GREEN FINANCE: Developing nations need $6 trillion by 2030 in climate finance

The president of the next annual UN climate conference, Mukhtar Babayev, stated on Wednesday that developing nations need nearly $6 trillion by 2030 to combat and adjust to climate change.

The Azerbaijani environment minister also mentioned that the host country will encourage nations to make concrete commitments at COP29, especially to double adaptation finance by 2025.

He said that Azerbaijan is committed to reinforcing climate finance, with a particular emphasis on supporting developing countries, keeping in mind their needs, "which approach nearly $6 trillion by 2030." In an online address to a summit by The Energy and Resources Institute, Babayev said Azerbaijan will promote innovative financing mechanisms, including new private-public sector partnerships. This is important to ensure accountability and real progress, he noted.

COP29 will also focus on building a clear and actionable roadmap to triple global renewable energy capacity and double the energy efficiency rate by 2030, he said.

Climate finance will be the main focus of COP29 where nations have to set a new post-2025 target for raising funds to help developing nations cut emissions and handle the impacts of climate change.

This is tough because rich nations have repeatedly failed in meeting their 2009 promise to raise $100 billion annually by 2020 to support developing countries.

Simon Stiell, the Executive Secretary of the UN Framework Convention on Climate Change, said in the Azerbaijani capital Baku last week that the world would need at least $2.4 trillion to keep within reach the target of limiting global warming to 1.5 degrees Celsius.

The G20 bloc last year said that developing countries will need $5.9 trillion in the pre-2030 period to implement their national climate plans effectively, with the aim of holding global warming to well below 2 degrees Celsius, preferably 1.5 degrees Celsius.

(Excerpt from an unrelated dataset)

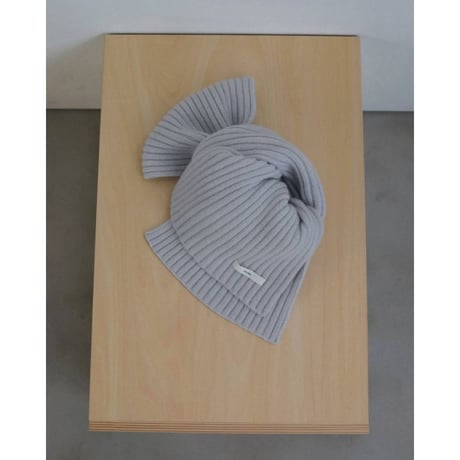 【anuke】Rib Knit Stole　※納期11月中旬～12月中旬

Earth’s global surface temperature has risen by around 1.15 degrees Celsius compared to pre-industrial levels (1850-1900), and the CO2 spewed into the atmosphere, largely due to the burning of fossil fuels since the start of the Industrial Revolution, is closely tied to it.

Climate science says the world needs to slash CO2 emissions by 43% by 2030 to limit the average temperature rise to 1.5 degrees Celsius, the guardrail to prevent worsening of climate impacts. The business-as-usual scenario will take the world to a temperature rise of around 3 degrees Celsius by the end of the century, scientists have warned.